Dallas Davidson is an American country music singer and songwriter from Albany, Georgia, who has written for artists such as Blake Shelton, Jason Aldean, Cole Swindell, Jake Owen, Luke Bryan, Randy Houser, Lady Antebellum, and Billy Currington. He generally writes with others, notably as a member of The Peach Pickers.

Career
Davidson moved to Nashville, Tennessee in 2004 and joined Broadcast Music Incorporated (BMI) for performing rights representation and signed a publishing deal with Big Borassa Music, which lasted until 2008. Davidson signed with EMI Music Publishing Nashville in 2008 and extended his contract with them in 2012.

Trace Adkins recorded Davidson's "Honky Tonk Badonkadonk" shortly after Davidson arrived in Nashville, taking the song to number 2 on the country charts in early 2006. Davidson co-wrote the Brad Paisley-Keith Urban duet "Start a Band", which reached number 1 in January 2009. This song was nominated for a Grammy in the category Best Country Collaboration with vocals. He also co-wrote Billy Currington's "That's How Country Boys Roll", which went to number 1 in 2010.

Other singles that Davidson co-wrote in the late 2000s included "Put a Girl in It" by Brooks & Dunn, "Barefoot and Crazy" by Jack Ingram and "Gimmie That Girl" by Joe Nichols, all collaborations with Rhett Akins and Ben Hayslip, also known as The Peach Pickers. "Gimmie That Girl" made it to number 1 on the charts in April 2010.

In 2010, Davidson also co-wrote "All About Tonight" by Blake Shelton, "All Over Me" by Josh Turner and "Rain Is a Good Thing" by Luke Bryan. These songs earned Davidson the award for Billboard's Hot Country Music Songwriter of 2010.

Other songs that Davidson co-wrote and featured in the Billboard Hot 100 include Justin Moore's "If Heaven Wasn't So Far Away", Lady Antebellum's "Just a Kiss" and "We Owned the Night". Luke Bryan also recorded Davidson's "Country Girl (Shake It for Me)", "I Don't Want This Night to End" and "That's My Kind of Night". In 2013, he co-wrote "Runnin' Outta Moonlight" by Randy Houser, "Granddaddy's Gun" by Aaron Lewis and "Keep Them Kisses Comin'" by Craig Campbell.

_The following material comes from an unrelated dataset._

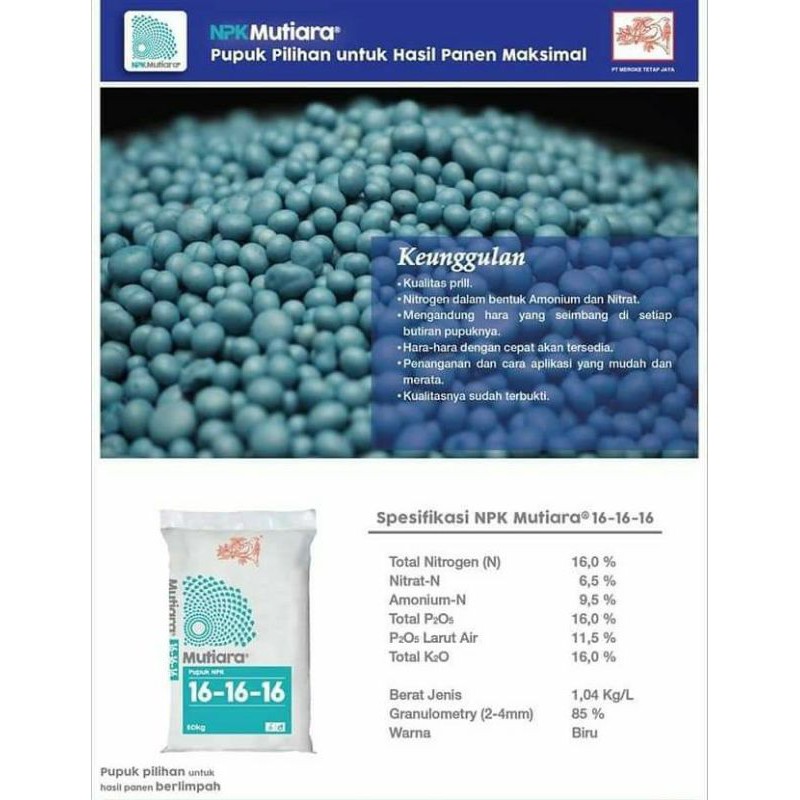 Pupuk Npk 16 Mutiara (1Kg)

Davidson received the 2012 ACM Songwriter of the Year; a 2012 ACM nominee for Song of the Year (for "Just a Kiss"); the 2011 BMI Country Awards’ Songwriter of the Year together with Rhett Akins. He is also a recipient of three CMA Triple Play Awards, one in 2010 and two in 2011; this award is given to songwriters who write three number-one singles in a one-year span. Davidson is the Chairman of the Georgia Music Foundation. In 2015 he launched his own publishing company, Play It Again.

Personal life 
Davidson is married with two sons.

Discography

Studio albums

Collaboration albums

Music videos

Songs written

References

American country singer-songwriters
Living people
Musicians from Albany, Georgia
Country musicians from Georgia (U.S. state)
Year of birth missing (living people)
American male singer-songwriters
Singer-songwriters from Georgia (U.S. state)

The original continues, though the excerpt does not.